Problem
Every entry that follows should be output exactly, and every image in it left out.

━━━ Data extract ━━━

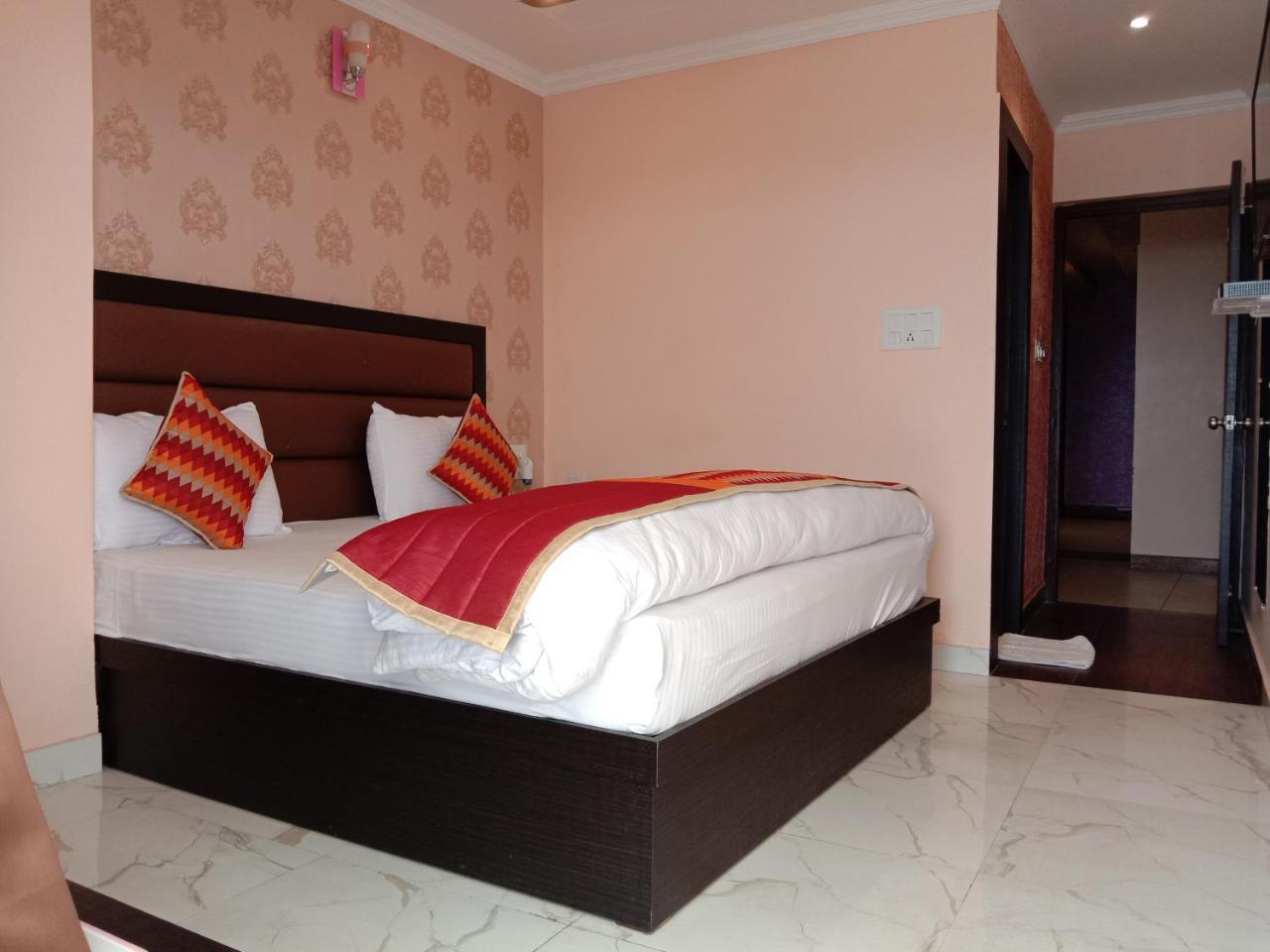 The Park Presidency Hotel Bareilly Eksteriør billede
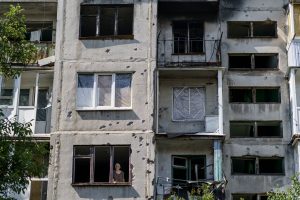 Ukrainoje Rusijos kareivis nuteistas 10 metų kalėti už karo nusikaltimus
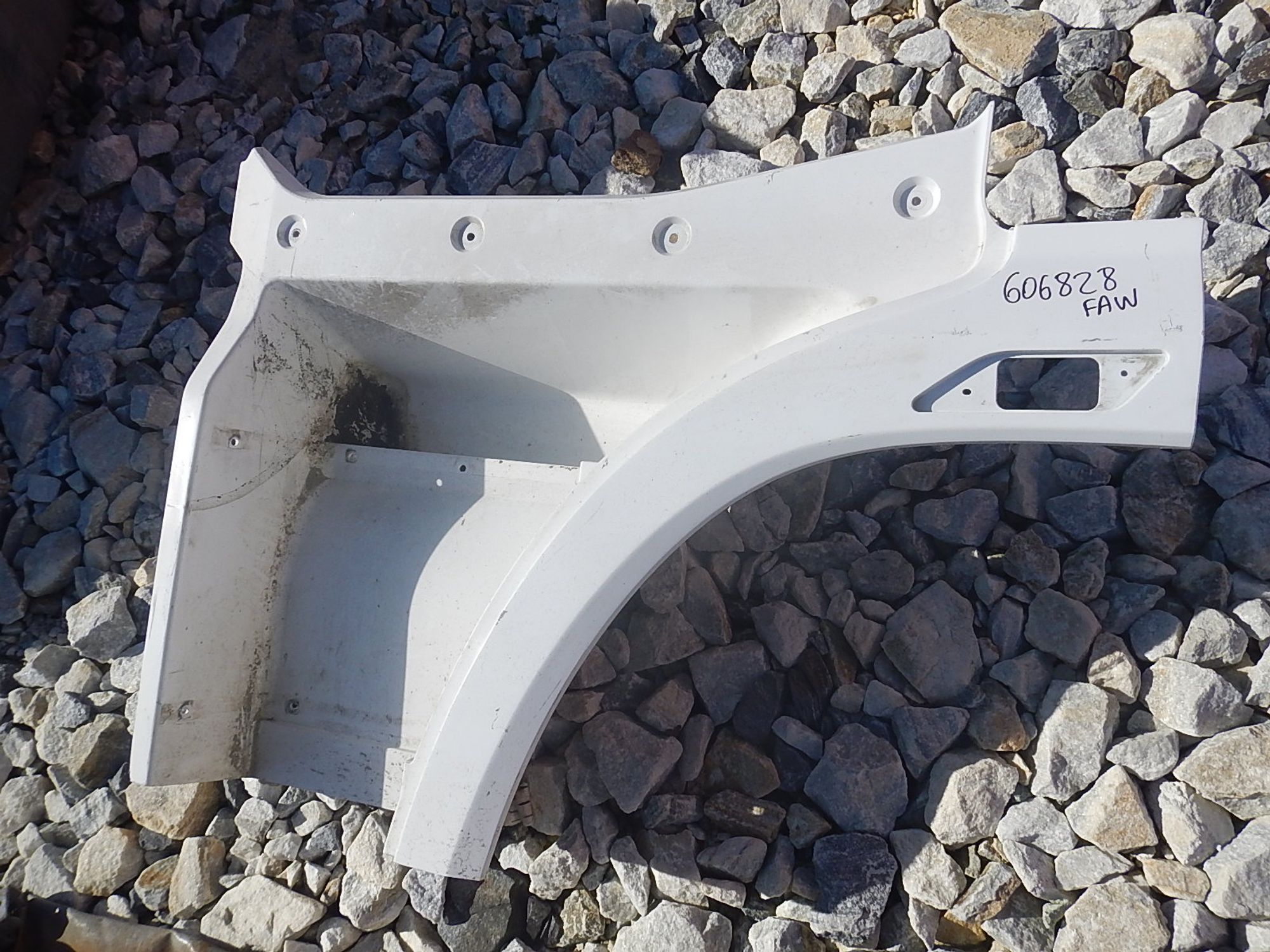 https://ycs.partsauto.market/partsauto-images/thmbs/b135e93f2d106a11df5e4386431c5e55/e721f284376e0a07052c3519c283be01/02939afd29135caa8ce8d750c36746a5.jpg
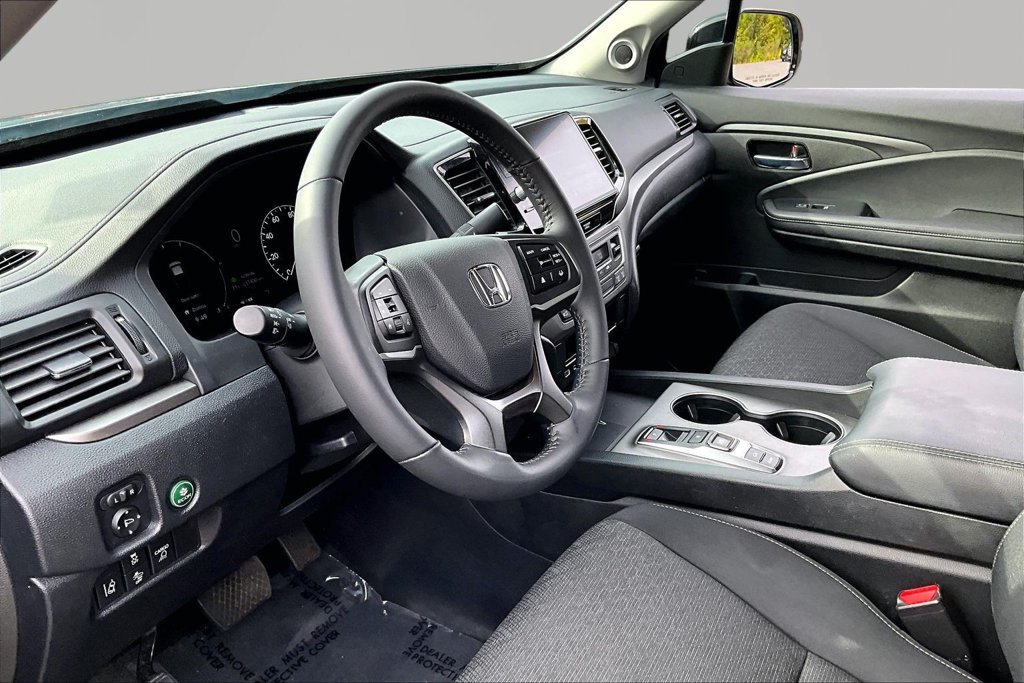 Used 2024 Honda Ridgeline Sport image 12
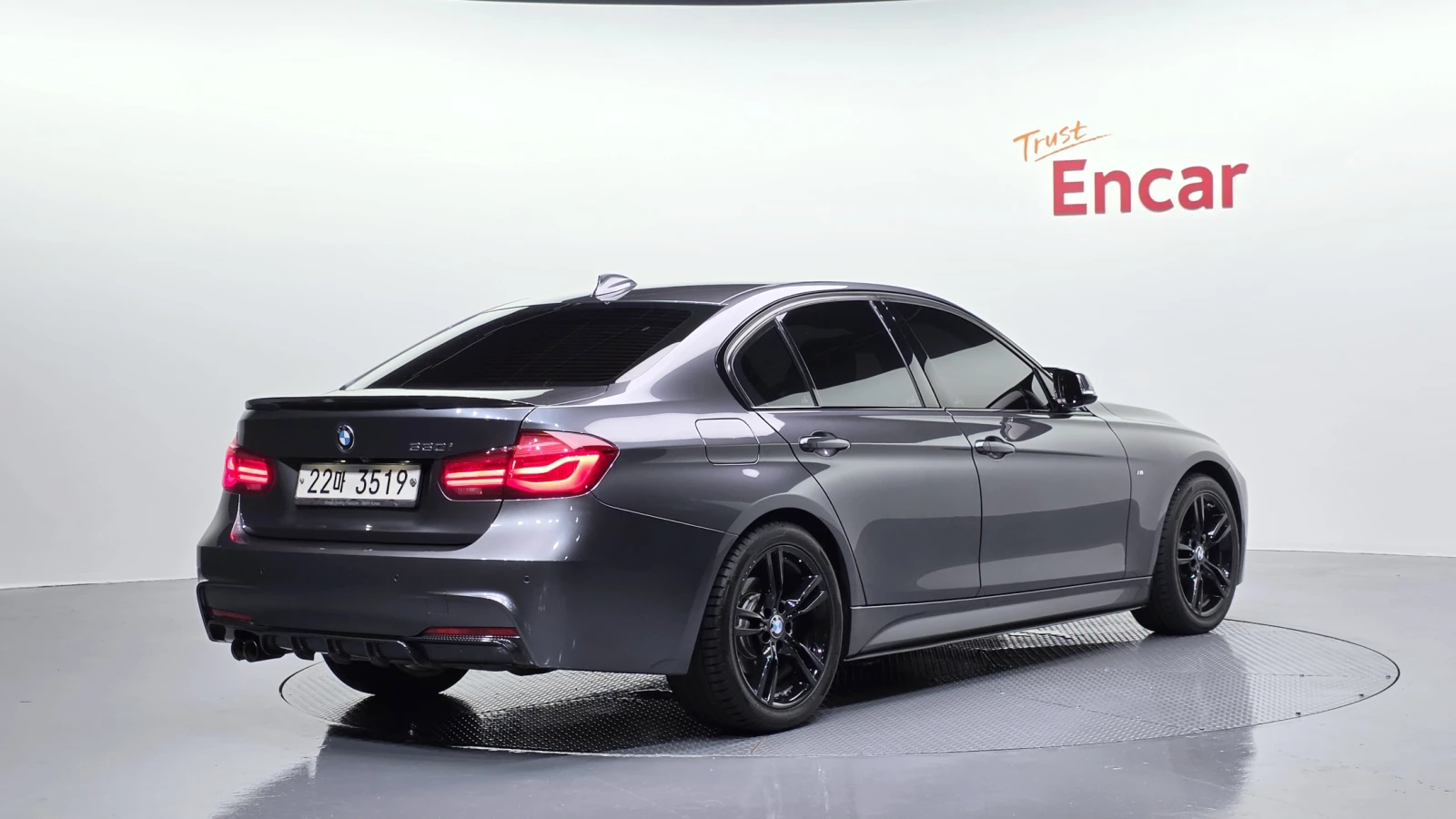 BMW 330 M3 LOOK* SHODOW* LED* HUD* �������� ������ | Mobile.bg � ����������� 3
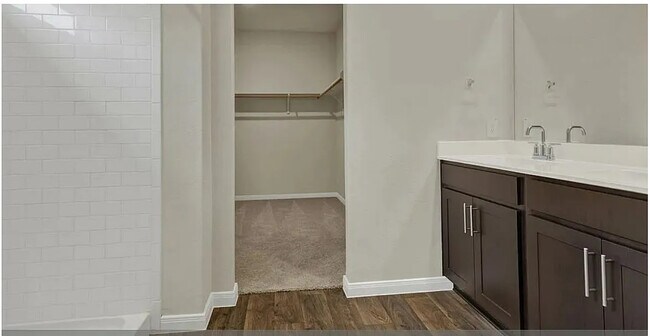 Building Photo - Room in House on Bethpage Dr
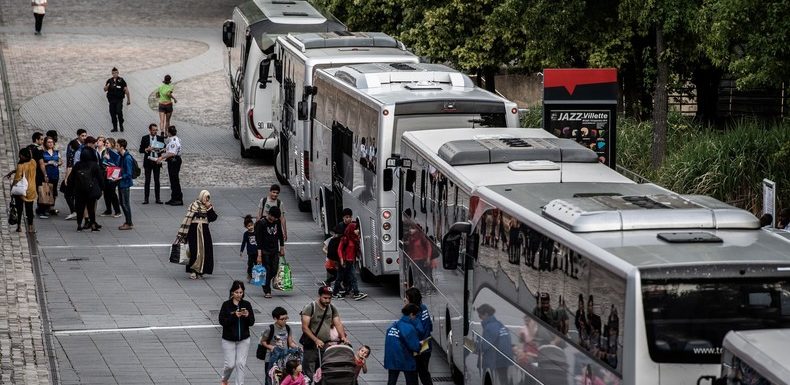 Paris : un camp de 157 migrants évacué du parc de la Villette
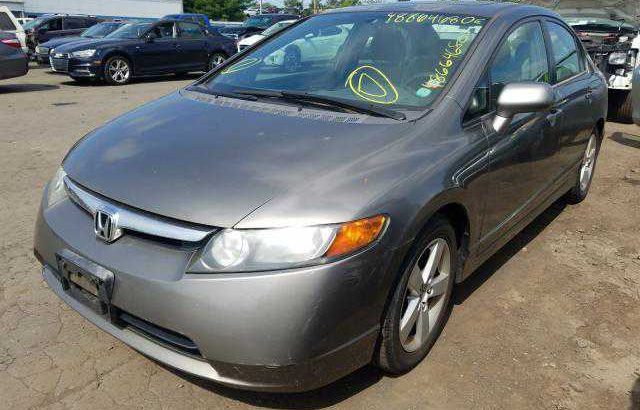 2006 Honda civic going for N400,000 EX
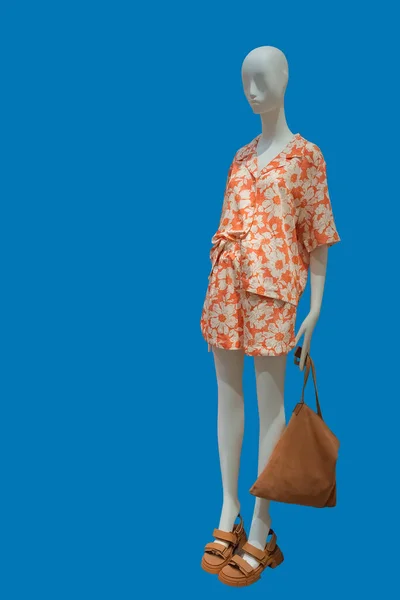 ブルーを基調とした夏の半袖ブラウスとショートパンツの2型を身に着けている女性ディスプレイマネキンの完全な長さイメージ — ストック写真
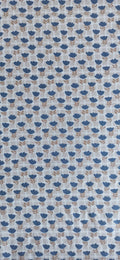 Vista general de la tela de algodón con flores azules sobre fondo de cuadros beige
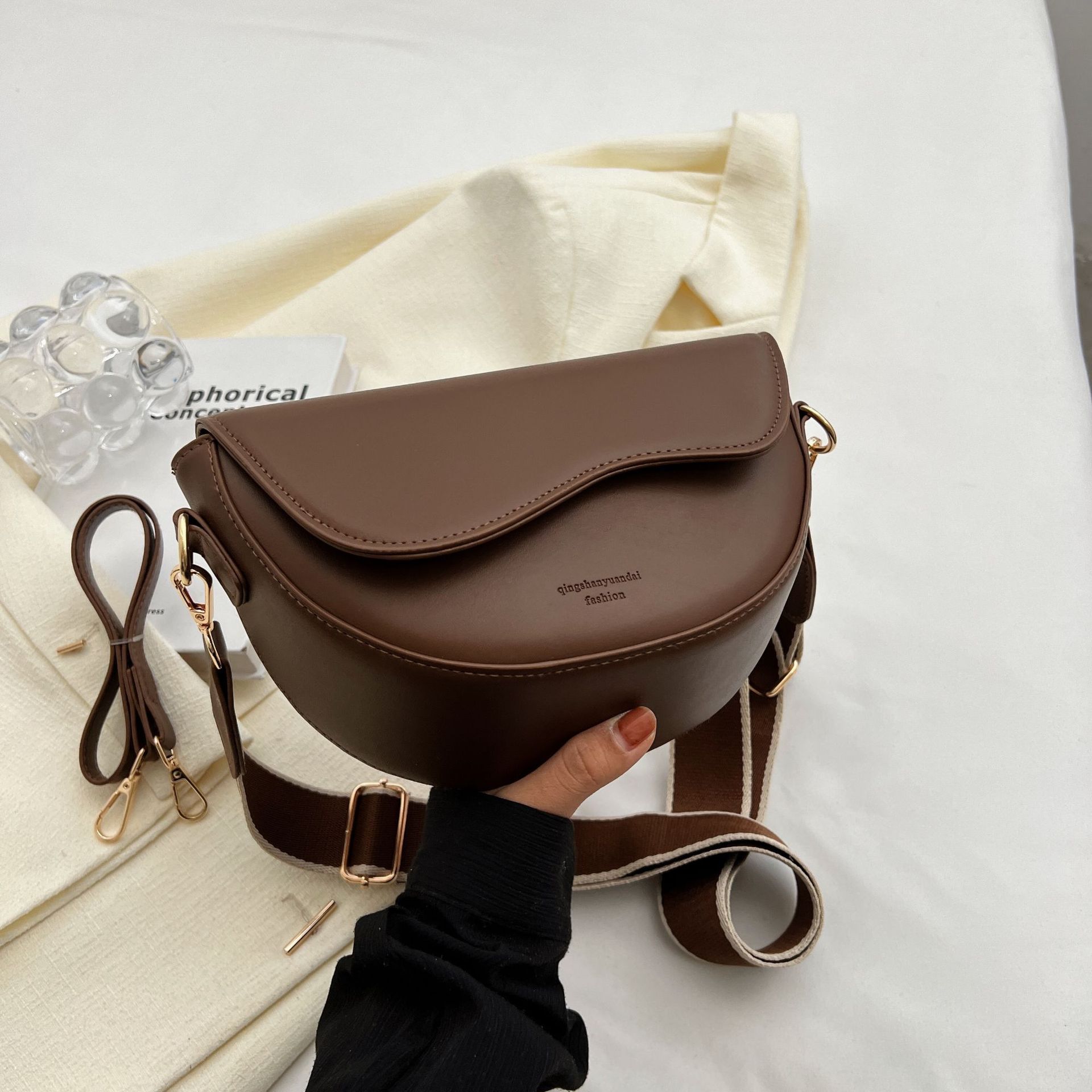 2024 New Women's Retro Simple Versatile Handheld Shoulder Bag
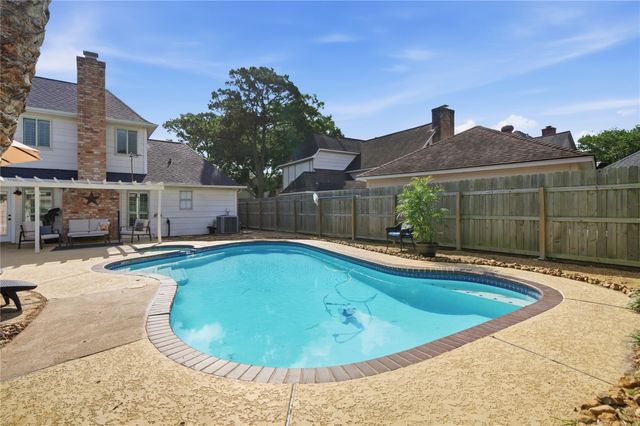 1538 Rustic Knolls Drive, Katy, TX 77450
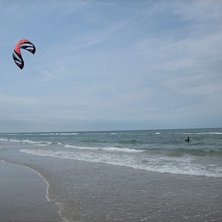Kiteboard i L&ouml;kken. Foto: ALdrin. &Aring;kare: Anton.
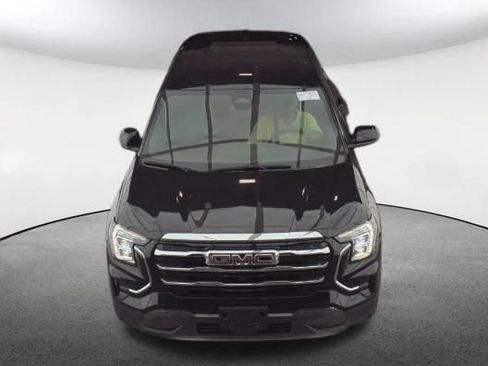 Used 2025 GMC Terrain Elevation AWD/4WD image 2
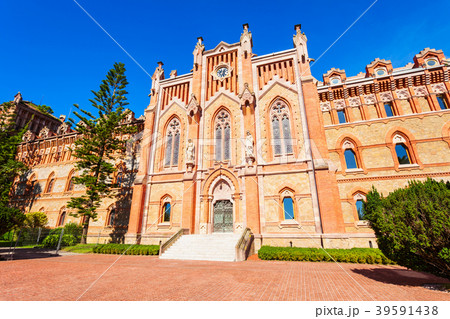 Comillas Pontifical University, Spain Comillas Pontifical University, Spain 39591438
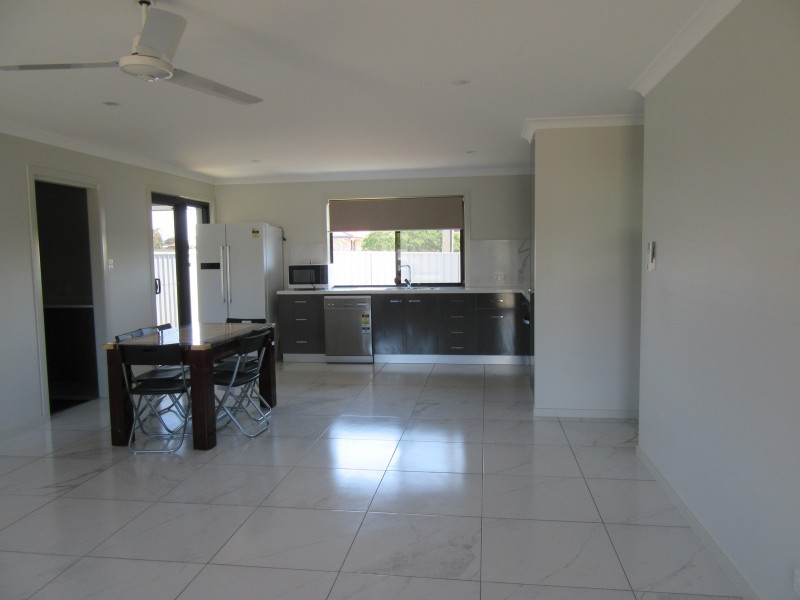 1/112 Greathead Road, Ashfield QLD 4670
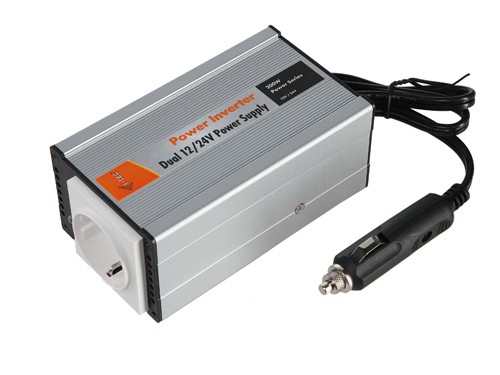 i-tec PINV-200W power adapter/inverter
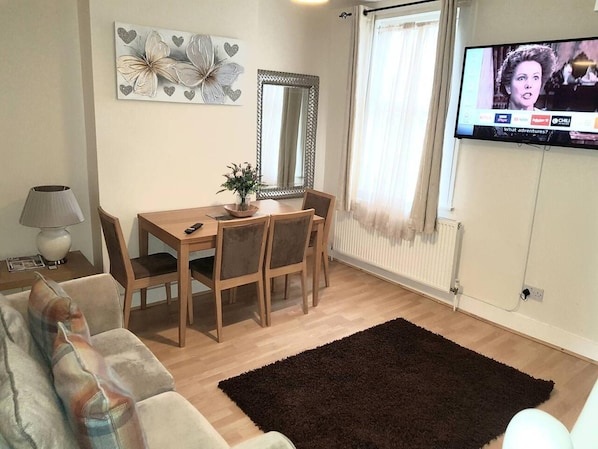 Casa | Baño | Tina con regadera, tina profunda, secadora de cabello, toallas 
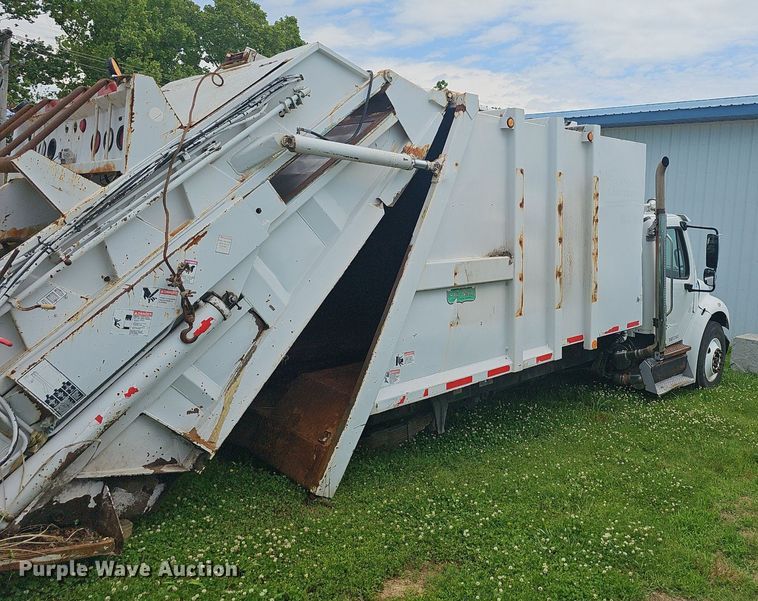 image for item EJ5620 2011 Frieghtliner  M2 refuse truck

━━━

Written solution
 The Park Presidency Hotel Bareilly Eksteriør billede
 Ukrainoje Rusijos kareivis nuteistas 10 metų kalėti už karo nusikaltimus
 https://ycs.partsauto.market/partsauto-images/thmbs/b135e93f2d106a11df5e4386431c5e55/e721f284376e0a07052c3519c283be01/02939afd29135caa8ce8d750c36746a5.jpg
 Used 2024 Honda Ridgeline Sport image 12
 BMW 330 M3 LOOK* SHODOW* LED* HUD* �������� ������ | Mobile.bg � ����������� 3
 Building Photo - Room in House on Bethpage Dr
 Paris : un camp de 157 migrants évacué du parc de la Villette
 2006 Honda civic going for N400,000 EX
 ブルーを基調とした夏の半袖ブラウスとショートパンツの2型を身に着けている女性ディスプレイマネキンの完全な長さイメージ — ストック写真
 Vista general de la tela de algodón con flores azules sobre fondo de cuadros beige
 2024 New Women's Retro Simple Versatile Handheld Shoulder Bag
 1538 Rustic Knolls Drive, Katy, TX 77450
Kiteboard i L&ouml;kken. Foto: ALdrin. &Aring;kare: Anton.
 Used 2025 GMC Terrain Elevation AWD/4WD image 2
 Comillas Pontifical University, Spain Comillas Pontifical University, Spain 39591438
 1/112 Greathead Road, Ashfield QLD 4670
 i-tec PINV-200W power adapter/inverter
 Casa | Baño | Tina con regadera, tina profunda, secadora de cabello, toallas 
 image for item EJ5620 2011 Frieghtliner  M2 refuse truck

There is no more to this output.